Then there are the items I have bookmarked like prawns with bacon mayo (you know me and bacon), Instant Fondue with roast vegetables, Thai Lobster curry, salt and pepper squid and chips (the long matchstick chips are very cute), Lavender Panna cotta with Lavender shards, White chocolate mojito cheesecakes and probably my favourite named tart: the Forrest Gump tart for Mr NQN who loved the movie.

forrest gump cake

Forrest Gump tart. Life is like a box of chocolates no?

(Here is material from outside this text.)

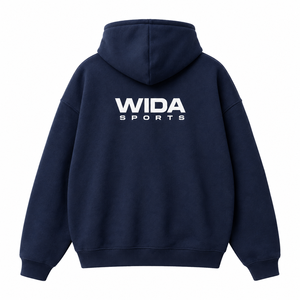 เสื้อฮู้ดดี้ผ้าฟลีซคอตตอนผสมโพลีเอสเตอร์สีน้ำเงินกรมท่าขนาดโอเวอร์ไซส์ 320 GSM แบบสั่งทำพิเศษ พร้อมโลโก้พิมพ์ลายบนหน้าอก - Product Image 2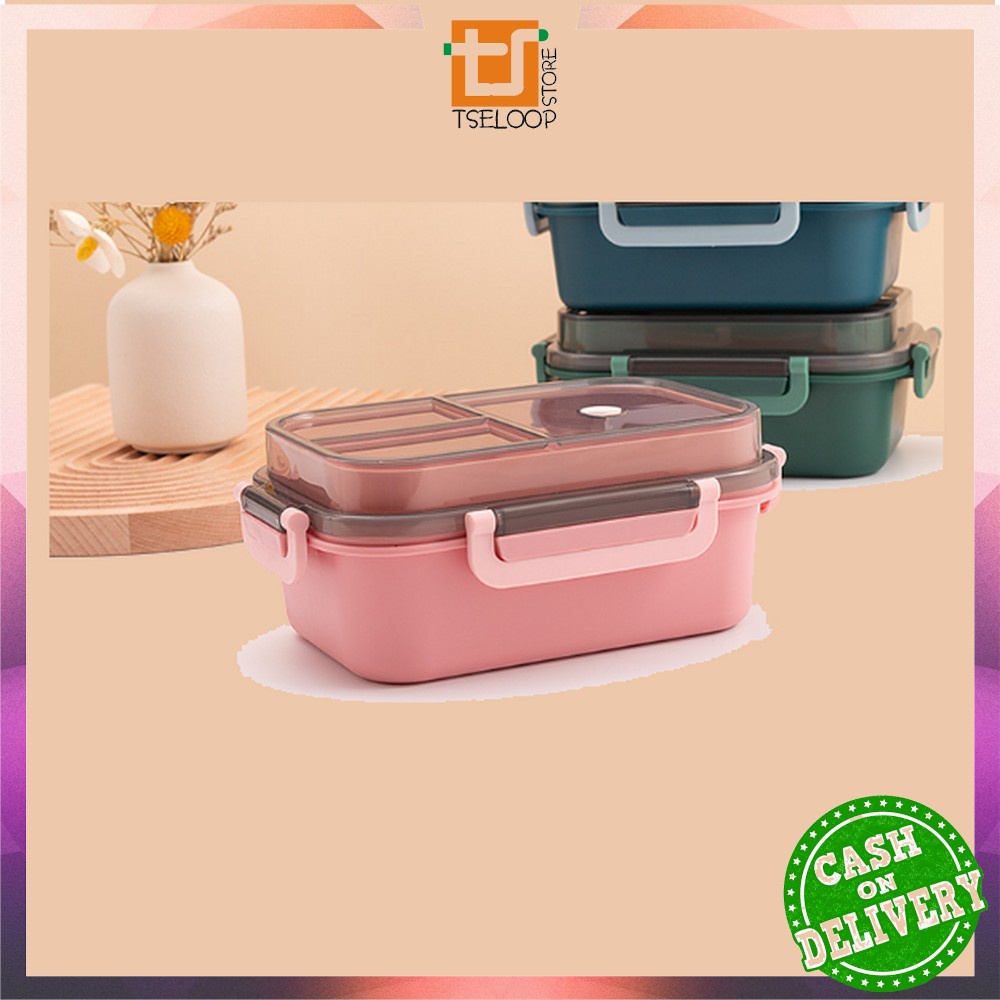 OFM-C697 Tempat Makan Set 2 Tingkat 3 Sekat Anti Tumpah / Lunch Box Susun Free Sendok Garpu Portable / Kotak Bento Tingkat Set BPA FREE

One thing that is different with this cookbook is that every single recipe has a large picture right next to it. You’ve probably heard me gristle about photos and I’m a visual person and the first thing that sets off my food lust is photographs. It’s a very simple process for me: if it makes my mouth water, I want to make it and I post it note it straight away. So fellow food porn afficianados this is good stuff indeed. Photos have clean, clear styling which is simple.

flower pizza

A Summer pizza

Chapters are organised by ingredient e.g. eggs, cheese, pasta, fish etc although there is a separate chapter for starters, breakfasts, vegetarian, low fat , desserts and ices. There aren’t any cooking or prep times though all recipes are designed to be quick and easy (hence the name). For ideas and quick ones at that and ones that are entirely doable and don’t require extraordinary cooking skills, this is a fantastic book.

lobster curry

Lobster curry

Back to the soup (recipe at the end), because I know you’ll be rather fascinated by it. It was easy to make indeed and I do happen to love anchovies in moderation so I was sure to add some. For those of you familiar with Chinese cuisine, cooked lettuce is no big deal at all and is in fact rather good but the idea of cooking an ingreident that is usually eaten raw can be mystifying to others. It’s a moot point really, the lettuce flavour was relatively mild in it and the soup resembled more of a delicious pea and ham soup with some sour cream. I found that I enjoyed it with more sour cream (although that’s no surprise is it as I love sour cream).

caesar salad soup 2

Summary:

Achievability: 4.5 out of 5
Usability: 4 out of 5
Degree of difficulty: Easy-Medium
Food porn score: 4.5 out of 5. Oh joy to have a large photo of every single recipe!
Post it note tabbed recipes: 16
Gift book: Yes, especially for the time poor but stylish Modern Australian home cook

And Valli has signed 4 copies of her new book and I am giving them away! All you need to do is tell me what is your quickest or smartest recipe.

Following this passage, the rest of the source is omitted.